▶ _Exercise prompt_:
Set down each entry as it stands. Skip the pictures.

[Saved entries]
____

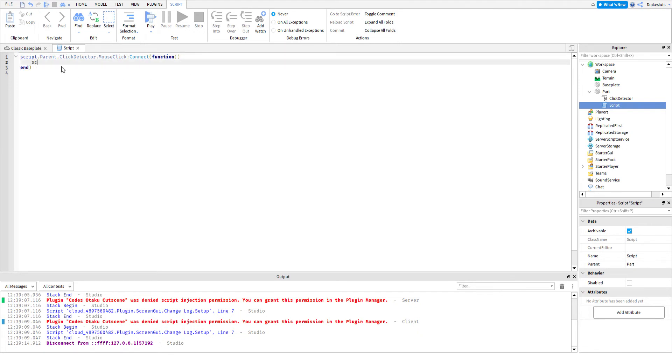Now you want to do script.parent.anchored equals false.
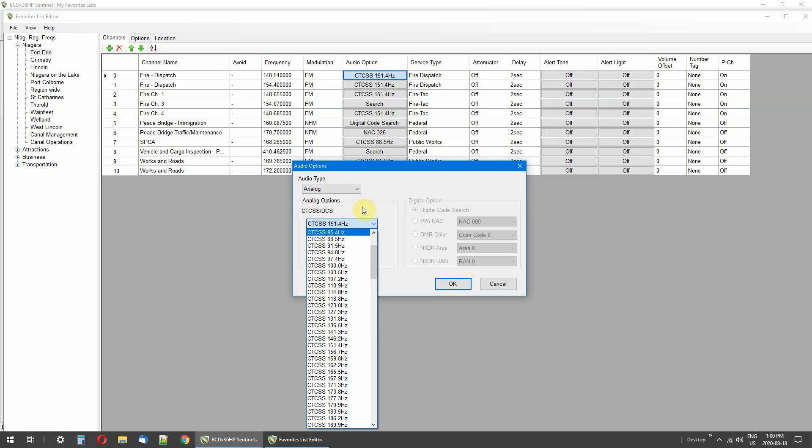And what you want to do is match the tone with the business, and that way they can put more than one person on a frequency. And if this frequency had several people on it and had several different tones, you just put the tone in for that business or whoever's on it.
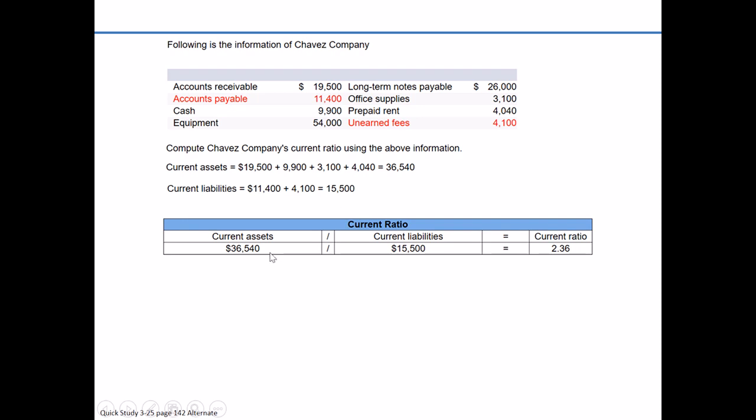Current assets of $36,540 divided by current liabilities of $15,500 gives us a ratio of 2.36. In essence, for every dollar of current liabilities, we have $2.36 of current assets. On the surface, this would suggest that Chavez Company is in a pretty good position regarding liquidity — we're not concerned that they would have challenges paying off their short-term debts as they come due, given that they have $2.36 of current assets for every dollar of current liabilities.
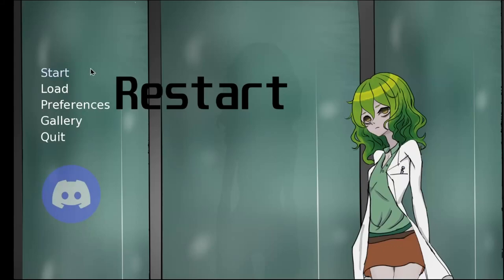Today, we're delving into the intriguing world of Restart by TRC-450. A game that plunges you into the unknown from the get-go. Let's see if it's worth the plunge.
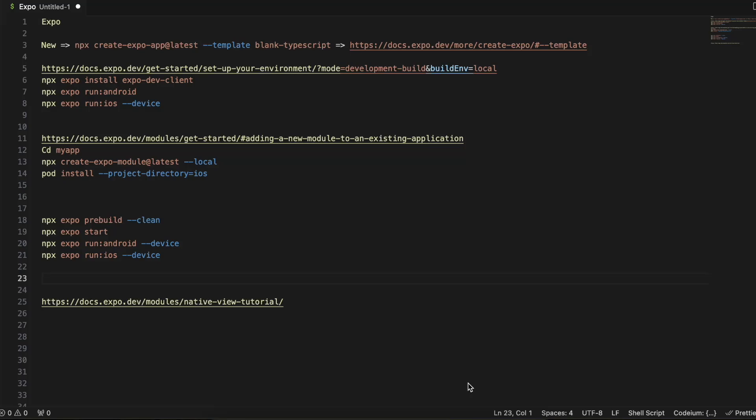Hello everyone, welcome back to the next video. In this video I will show you how to create a canvas in Expo React Native, or a signature pad, in which a user can draw anything just via using touch or via his finger.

____

▶ _Answer to the problem_:
Now you want to do script.parent.anchored equals false.
And what you want to do is match the tone with the business, and that way they can put more than one person on a frequency. And if this frequency had several people on it and had several different tones, you just put the tone in for that business or whoever's on it.
Current assets of $36,540 divided by current liabilities of $15,500 gives us a ratio of 2.36. In essence, for every dollar of current liabilities, we have $2.36 of current assets. On the surface, this would suggest that Chavez Company is in a pretty good position regarding liquidity — we're not concerned that they would have challenges paying off their short-term debts as they come due, given that they have $2.36 of current assets for every dollar of current liabilities.
Today, we're delving into the intriguing world of Restart by TRC-450. A game that plunges you into the unknown from the get-go. Let's see if it's worth the plunge.
Hello everyone, welcome back to the next video. In this video I will show you how to create a canvas in Expo React Native, or a signature pad, in which a user can draw anything just via using touch or via his finger.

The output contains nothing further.